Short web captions
Content starts
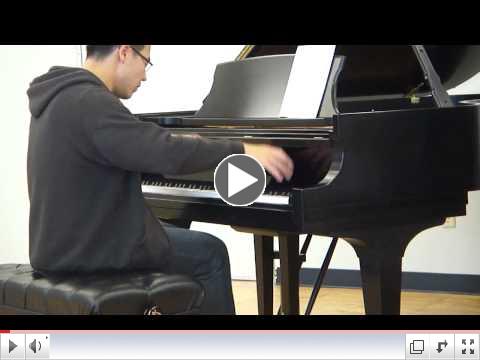 Trying a piano at the Steinway factory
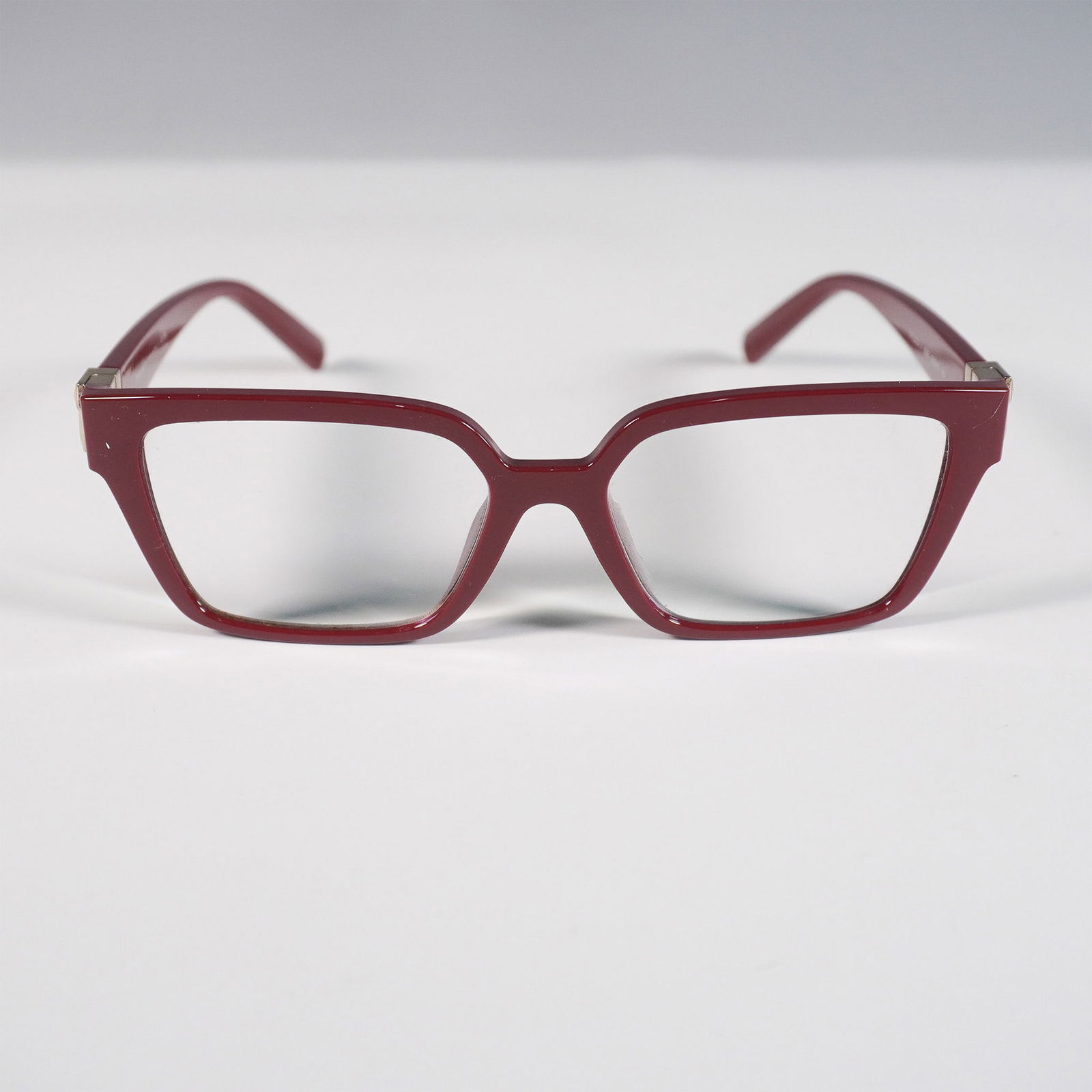 Tiffany & Co. Red Cat-Eye Optical Frames: Tiffany & Co. optical eyeglass frames in a rich red acetate with angular cat-eye silhouette. Features gold-tone hinge accents and signature Tiffany blue tips. Marked Tiffany & Co. Made in Italy on the
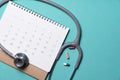 Stethoscope, drug and calendar on the green background, schedule to check up healthy concept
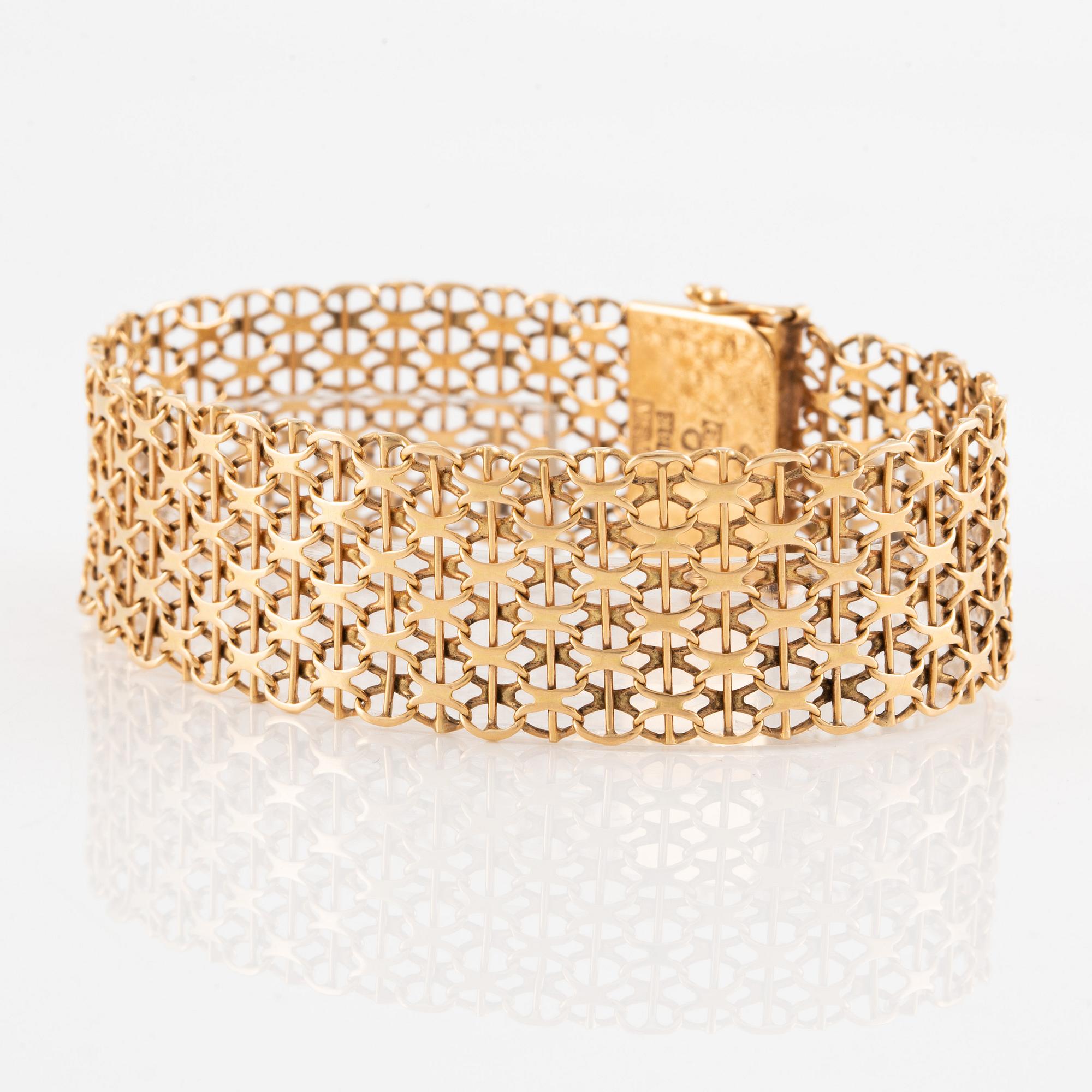 Armlänk, 18K guld, x-länk,  Ädelsmycken  AB, Stockholm 1969.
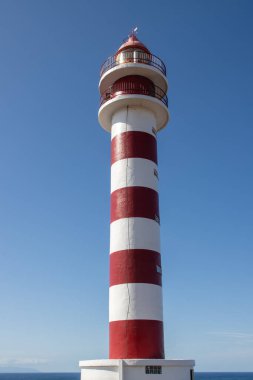 Deniz feneri (Faro de Sardina) kırmızı ve beyaz çizgili, geleneksel tarzda. Mavi gökyüzü. Atlantik Okyanusu kıyısında. Galdar, Las Palmas, Gran Kanarya, Kanarya Adaları, İspanya.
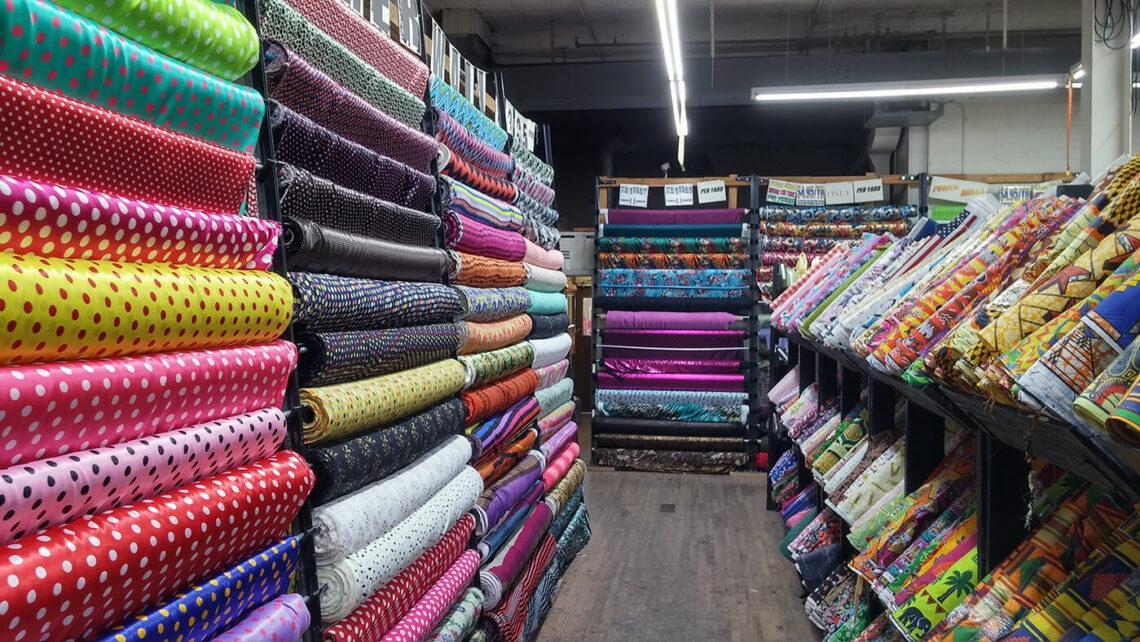 A large fabric warehouse showing rows of colorful textile rolls on industrial shelving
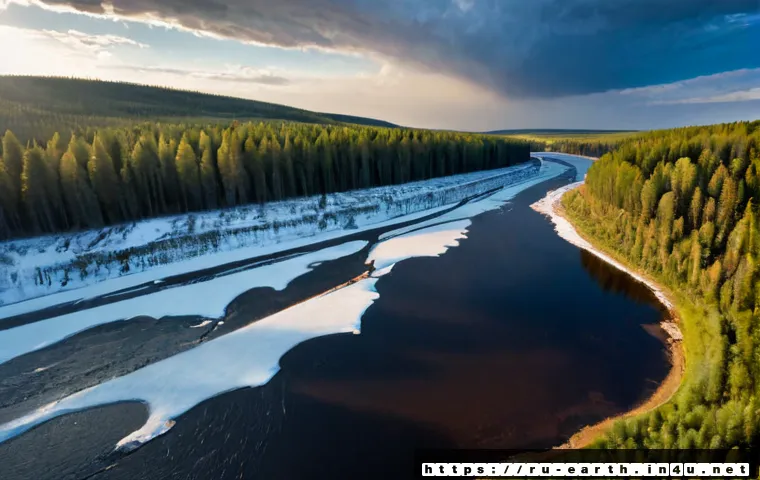 Home 17 지구과학과 지구 온도 변화 - Photorealistic split-season landscape in central Russia, a melting snowfield and thawing river in th...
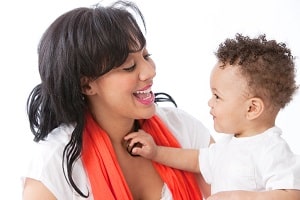 mother talking cheerfully, face-to-face, with attentive baby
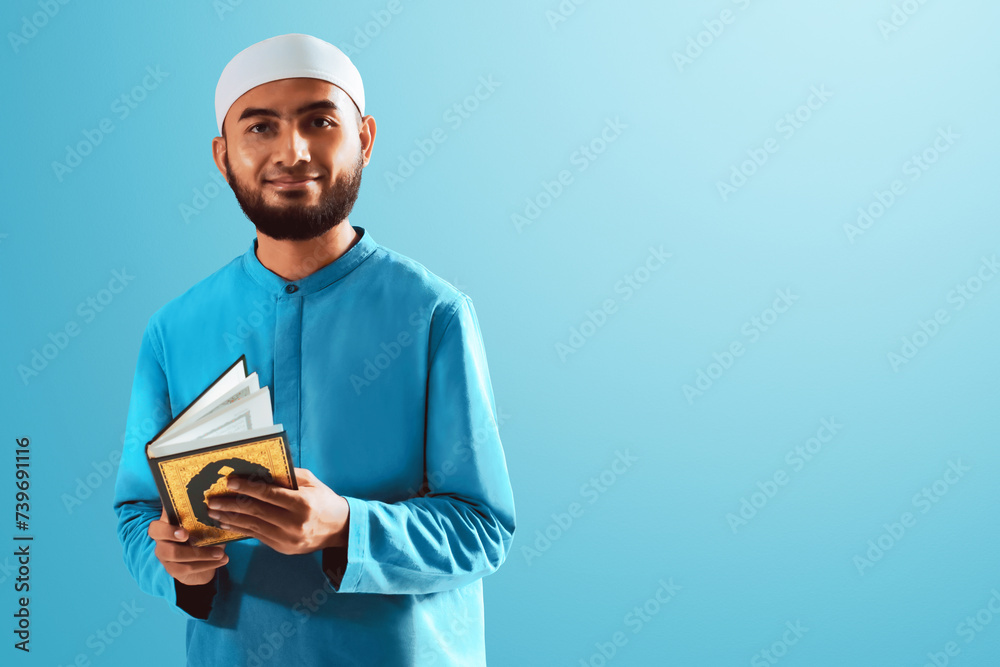 Portrait of handsome young asian muslim man with beard posing, holding holy book quran and smiling isolated on blue studio background Portrait of handsome young asian muslim man with beard posing, holding holy book quran and smiling isolated on blue studio background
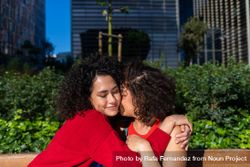Female couple in love hugging in city park 4NWq8b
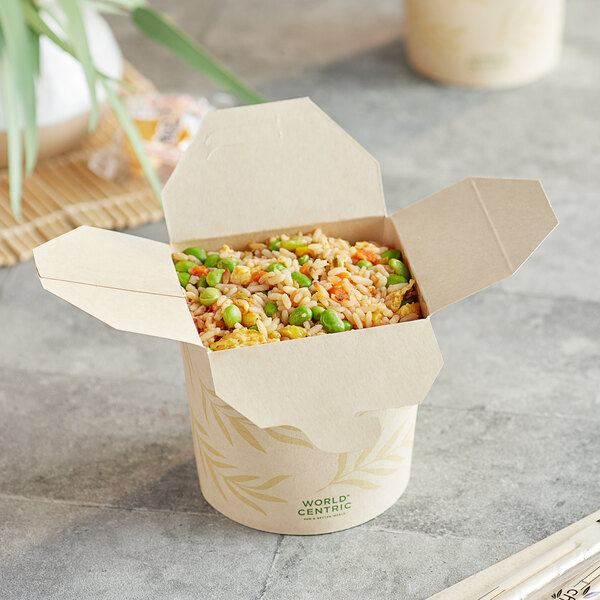 A white World Centric take-out box filled with rice and peas.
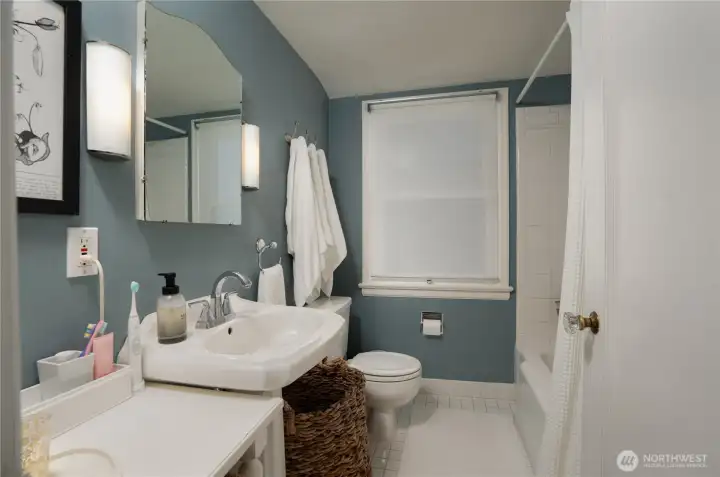 Also on the second floor, you will find another full bathroom, centrally located between bedrooms.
Content ends
[Exercise goal] Set down the records above exactly as written, beginning with the first line and ending with the line that contains "AB, Stockholm 1969.", and do not include pictures.

[Task solution]
 Trying a piano at the Steinway factory
 Tiffany & Co. Red Cat-Eye Optical Frames: Tiffany & Co. optical eyeglass frames in a rich red acetate with angular cat-eye silhouette. Features gold-tone hinge accents and signature Tiffany blue tips. Marked Tiffany & Co. Made in Italy on the
 Stethoscope, drug and calendar on the green background, schedule to check up healthy concept
 Armlänk, 18K guld, x-länk,  Ädelsmycken  AB, Stockholm 1969.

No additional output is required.